Thinking of Mary
Mary seems like the topic that draws the strongest emotional response from Protestants. It seems to go beyond logic. Sure there has been a deepening of our understanding of Mary that goes a few levels beyond what has happened in other areas. We arrived at the truth that Jesus is fully human and fully divine. Then we ask the question about what does that mean for His mother. If you can accept the church’s answers to questions about the nature of Christ why is it hard to accept her answers on the nature of His mother? It is an extra logical step but why should that be a problem? It still boils down to whether the church is trustworthy. So why do Protestants who can see themselves trusting the church on other issues have such a hard time on the Marian doctrines?
Some would say it is because there is very little biblical mention of Mary. But that cuts both ways. There is little biblical evidence for going to church on Sunday morning. Does that make it wrong? Most of the time protestants take the silence of scripture to mean a freedom to believe whatever you want. With Mary silence is taken as proof that the Catholic teaching must be wrong. In fact, some of the weakest arguments that protestants persist with revolve around Mary. Romans 3:23,1 Tim 2:5 and Matthew 1:25 are just major reaches in terms of trying to disprove Catholic teaching. Still many otherwise very respectable protestant scripture scholars will embarass themselves trying to twist these passages to somehow contradict Catholic teaching. There is a passion there that defies logic when Mary is involved.
I wonder if there isn’t a deeper spiritual issue. When I look at Catholics both today and in history it seems like a solid view of the church and a devotion to Mary go hand in hand. They are both seen as spiritual mothers. People seem to either accept Mary and the church as spiritual mothers or they accept neither. I have not seen a study on this but in my experience they go together quite consistently.

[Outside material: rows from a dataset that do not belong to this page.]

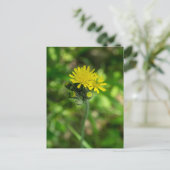 Carte postale Fleur sauvage Hawkweed jaune (Debout devant)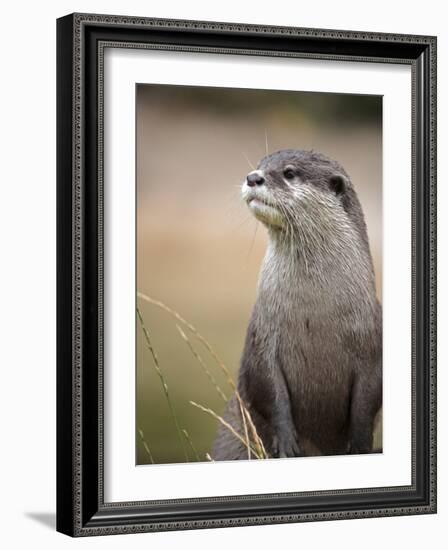 England, Leicestershire; Short-Clawed Asian Otter at Twycross Zoo Near the National Zoo-Will Gray-Framed Photographic Print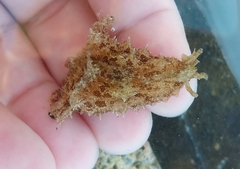 Dolabella auricularia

It seems like Marian devotion is more connected with how to live out the faith on a day to day basis. Protestantism focuses a lot on firm resolve. We want to decide to be holy and to overcome sin and to win the world for Jesus. Marian devotion is more about how to get up when we have fallen and how to slowly let Jesus into out hearts. It reminds me of what Agelo Matera said here:
What’s interesting is that the Pope doesn’t recommend remedying this situation through sheer willpower, as if having “the courage to be Catholic” would be enough. He calls for more creativity and imagination in how the faith is lived and presented, and opening up to God through prayer, service, and communion with others. In other words, rather than more willpower, which only encourages our tendency towads self-sufficiency and autonomy, he’s calling us to be more receptive to the living God who is the source of our being.
That seems very maternal to focus on eucharist, confession, and contemplative prayer. It is like a mother feeding you, binding your wounds, and giving you lots of hugs. You still might need a dad to help with the willpower but the constant drawing strength from on high is something Mary can help us with.

it seems like a solid view of the church and a devotion to Mary go hand in hand…People seem to either accept Mary and the church as spiritual mothers or they accept neither.
Very true. I was thinking of how both Catholics and Orthodox - the serious “Church” Christians - are big into Mary, yet who else is? It can’t be just historical, or one or both would have dropped the devotion over time.
Interesting that I’ve never thought of this before. There must be something here.